Citadel Capital SAE said it closed financing for a $3.7 billion petroleum refinery near Cairo, a project it said will cut the country’s diesel imports by half.
The financing package for Egyptian Refining Co. includes $2.6 billion of debt, already finalized in August 2010, and $1.1 billion of equity from investors led by Qatar Petroleum International with $363 million, or a 27.9 percent holding, and Egyptian General Petroleum Corp. with $270 million, or a 23.8 percent stake, the Cairo-based firm said in an e-mailed statement today.
The project is planned to produce more than 4.1 million tons of petroleum products annually, including more than 2.3 million tons of Euro V diesel, Citadel said, helping reduce imports. The announcement comes the same day Egypt’s constitutional court issued rulings that dissolved parliament and allowed Ahmed Shafik, former president Hosni Mubarak’s last prime minister, to remain in the final round of the presidential vote due to start June 16.

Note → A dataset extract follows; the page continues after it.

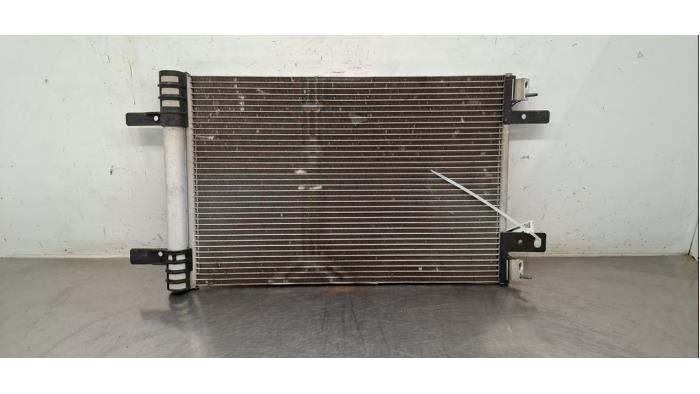 Condensateur clim Opel Combo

“The financial close of ERC confirms to international investors and the global community that Egypt is open for business,” Citadel Chairman Ahmed Heikal said in the statement. “The signal this sends is huge. ERC is a key component of Egypt’s energy security going forward.”
The loan package for ERC has $2.35 billion of senior debt and $225 million of subordinated debt from institutions including Japan Bank for International Cooperation, Nippon Export and Investment Insurance, the Export Import Bank of Korea, the European Investment Bank and the African Development Bank, Citadel said.
Construction is due to start at the end of 2013 when engineering works are completed.
Shares of Citadel were unchanged at 2.56 Egyptian pounds at the close in Cairo today, valuing the company at 2.12 billion pounds ($351 million). The stock is up 0.4 percent this year, compared with a 22 percent advance for the benchmark EGX 30 Index.